Your goal: For the data below, the lines that hold "home" should be counted; only the resulting number is expected.

Provided records:
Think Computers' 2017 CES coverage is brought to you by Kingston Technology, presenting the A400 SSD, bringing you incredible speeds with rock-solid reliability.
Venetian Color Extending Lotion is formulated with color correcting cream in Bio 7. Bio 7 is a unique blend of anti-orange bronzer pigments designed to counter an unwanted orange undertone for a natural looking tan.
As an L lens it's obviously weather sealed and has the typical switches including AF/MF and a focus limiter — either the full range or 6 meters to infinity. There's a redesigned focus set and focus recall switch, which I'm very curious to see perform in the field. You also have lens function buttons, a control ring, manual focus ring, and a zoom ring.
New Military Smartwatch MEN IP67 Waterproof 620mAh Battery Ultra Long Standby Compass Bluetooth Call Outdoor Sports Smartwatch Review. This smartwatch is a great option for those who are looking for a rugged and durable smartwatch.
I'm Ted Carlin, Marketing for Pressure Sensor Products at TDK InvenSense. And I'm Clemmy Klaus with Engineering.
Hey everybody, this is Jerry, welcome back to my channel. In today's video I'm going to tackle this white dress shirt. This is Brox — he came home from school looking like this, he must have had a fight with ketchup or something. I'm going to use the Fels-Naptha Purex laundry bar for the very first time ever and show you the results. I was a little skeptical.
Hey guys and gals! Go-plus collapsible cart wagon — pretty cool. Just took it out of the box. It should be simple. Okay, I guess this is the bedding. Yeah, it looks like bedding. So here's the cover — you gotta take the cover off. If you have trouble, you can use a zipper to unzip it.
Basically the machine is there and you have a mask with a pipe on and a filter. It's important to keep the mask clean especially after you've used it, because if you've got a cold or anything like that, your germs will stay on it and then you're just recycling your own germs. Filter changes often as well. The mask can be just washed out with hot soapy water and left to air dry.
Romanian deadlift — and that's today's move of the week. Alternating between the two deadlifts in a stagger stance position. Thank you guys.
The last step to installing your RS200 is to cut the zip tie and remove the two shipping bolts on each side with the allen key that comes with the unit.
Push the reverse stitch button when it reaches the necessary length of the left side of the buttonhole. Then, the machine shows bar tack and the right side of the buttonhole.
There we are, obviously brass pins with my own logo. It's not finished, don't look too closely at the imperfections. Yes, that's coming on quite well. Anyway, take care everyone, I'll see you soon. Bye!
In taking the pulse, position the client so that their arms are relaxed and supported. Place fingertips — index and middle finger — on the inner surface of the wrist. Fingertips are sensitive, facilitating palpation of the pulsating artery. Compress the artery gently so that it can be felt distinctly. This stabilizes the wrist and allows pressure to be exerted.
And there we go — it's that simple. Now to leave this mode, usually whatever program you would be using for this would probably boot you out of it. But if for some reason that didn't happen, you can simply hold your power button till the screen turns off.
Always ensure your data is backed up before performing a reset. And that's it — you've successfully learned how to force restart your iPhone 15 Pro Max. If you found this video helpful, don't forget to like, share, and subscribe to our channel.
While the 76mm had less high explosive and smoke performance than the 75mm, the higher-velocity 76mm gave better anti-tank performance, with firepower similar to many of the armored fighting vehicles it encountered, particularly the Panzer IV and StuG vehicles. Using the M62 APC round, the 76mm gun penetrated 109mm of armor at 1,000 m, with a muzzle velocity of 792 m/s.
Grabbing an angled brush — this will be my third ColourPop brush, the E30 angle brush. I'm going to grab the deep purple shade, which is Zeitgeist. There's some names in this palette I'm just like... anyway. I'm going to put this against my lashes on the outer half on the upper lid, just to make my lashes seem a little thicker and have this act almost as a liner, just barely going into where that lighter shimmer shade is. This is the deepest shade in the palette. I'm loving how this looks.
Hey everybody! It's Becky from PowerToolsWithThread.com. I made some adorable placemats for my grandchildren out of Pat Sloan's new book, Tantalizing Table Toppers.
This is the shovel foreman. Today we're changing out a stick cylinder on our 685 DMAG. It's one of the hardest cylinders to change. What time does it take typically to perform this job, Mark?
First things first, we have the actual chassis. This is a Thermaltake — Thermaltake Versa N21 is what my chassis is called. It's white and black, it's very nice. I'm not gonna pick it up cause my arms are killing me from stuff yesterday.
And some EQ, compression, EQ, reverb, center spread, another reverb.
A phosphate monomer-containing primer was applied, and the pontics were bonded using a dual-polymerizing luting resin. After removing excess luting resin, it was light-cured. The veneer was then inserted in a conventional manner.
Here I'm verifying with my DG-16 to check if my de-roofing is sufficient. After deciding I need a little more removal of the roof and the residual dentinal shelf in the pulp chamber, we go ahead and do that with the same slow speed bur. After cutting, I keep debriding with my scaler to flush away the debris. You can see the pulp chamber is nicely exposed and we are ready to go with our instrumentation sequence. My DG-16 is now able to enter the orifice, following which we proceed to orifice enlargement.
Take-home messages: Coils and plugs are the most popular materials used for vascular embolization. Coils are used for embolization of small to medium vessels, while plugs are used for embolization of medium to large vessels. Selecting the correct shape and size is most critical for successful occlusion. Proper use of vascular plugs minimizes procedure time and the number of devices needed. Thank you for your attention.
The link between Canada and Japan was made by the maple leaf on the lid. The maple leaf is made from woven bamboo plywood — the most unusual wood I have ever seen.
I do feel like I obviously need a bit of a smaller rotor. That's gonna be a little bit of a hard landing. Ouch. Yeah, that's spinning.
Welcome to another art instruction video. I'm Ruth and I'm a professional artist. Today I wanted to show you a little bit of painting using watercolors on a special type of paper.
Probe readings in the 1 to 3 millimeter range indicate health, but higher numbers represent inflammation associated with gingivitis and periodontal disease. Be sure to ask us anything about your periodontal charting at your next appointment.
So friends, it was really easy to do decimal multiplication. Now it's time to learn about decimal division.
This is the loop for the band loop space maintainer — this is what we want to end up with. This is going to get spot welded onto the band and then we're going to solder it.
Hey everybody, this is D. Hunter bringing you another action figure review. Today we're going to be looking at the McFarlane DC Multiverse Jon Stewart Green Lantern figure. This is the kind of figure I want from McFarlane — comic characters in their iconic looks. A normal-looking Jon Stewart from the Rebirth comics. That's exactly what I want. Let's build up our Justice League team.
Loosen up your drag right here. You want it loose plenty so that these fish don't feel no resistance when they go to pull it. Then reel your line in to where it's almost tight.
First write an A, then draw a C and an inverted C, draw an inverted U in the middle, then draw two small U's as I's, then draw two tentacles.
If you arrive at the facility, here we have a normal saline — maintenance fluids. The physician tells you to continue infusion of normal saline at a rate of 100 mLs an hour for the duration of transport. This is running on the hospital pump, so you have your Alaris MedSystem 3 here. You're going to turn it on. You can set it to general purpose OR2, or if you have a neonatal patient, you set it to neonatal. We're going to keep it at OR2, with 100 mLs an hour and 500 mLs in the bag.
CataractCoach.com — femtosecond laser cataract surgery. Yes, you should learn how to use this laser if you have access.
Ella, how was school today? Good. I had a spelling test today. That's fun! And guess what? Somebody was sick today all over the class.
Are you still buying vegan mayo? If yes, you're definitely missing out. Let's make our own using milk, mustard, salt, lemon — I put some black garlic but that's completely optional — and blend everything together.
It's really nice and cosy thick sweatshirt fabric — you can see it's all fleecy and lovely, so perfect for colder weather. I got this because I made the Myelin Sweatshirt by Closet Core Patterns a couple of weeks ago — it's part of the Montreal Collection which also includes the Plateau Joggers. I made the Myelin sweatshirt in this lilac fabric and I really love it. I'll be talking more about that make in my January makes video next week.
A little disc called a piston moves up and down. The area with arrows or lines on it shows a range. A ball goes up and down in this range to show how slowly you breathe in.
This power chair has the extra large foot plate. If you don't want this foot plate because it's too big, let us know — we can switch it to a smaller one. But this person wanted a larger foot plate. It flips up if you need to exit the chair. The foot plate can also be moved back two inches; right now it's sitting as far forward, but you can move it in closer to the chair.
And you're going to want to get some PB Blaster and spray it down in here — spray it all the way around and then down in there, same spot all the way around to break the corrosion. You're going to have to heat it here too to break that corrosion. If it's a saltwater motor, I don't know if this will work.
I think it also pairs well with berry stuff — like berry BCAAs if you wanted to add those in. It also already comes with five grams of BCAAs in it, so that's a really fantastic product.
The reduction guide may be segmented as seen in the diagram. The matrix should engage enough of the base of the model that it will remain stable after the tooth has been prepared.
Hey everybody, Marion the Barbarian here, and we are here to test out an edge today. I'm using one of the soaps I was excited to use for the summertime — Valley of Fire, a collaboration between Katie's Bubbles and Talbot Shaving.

Exercise solution: 2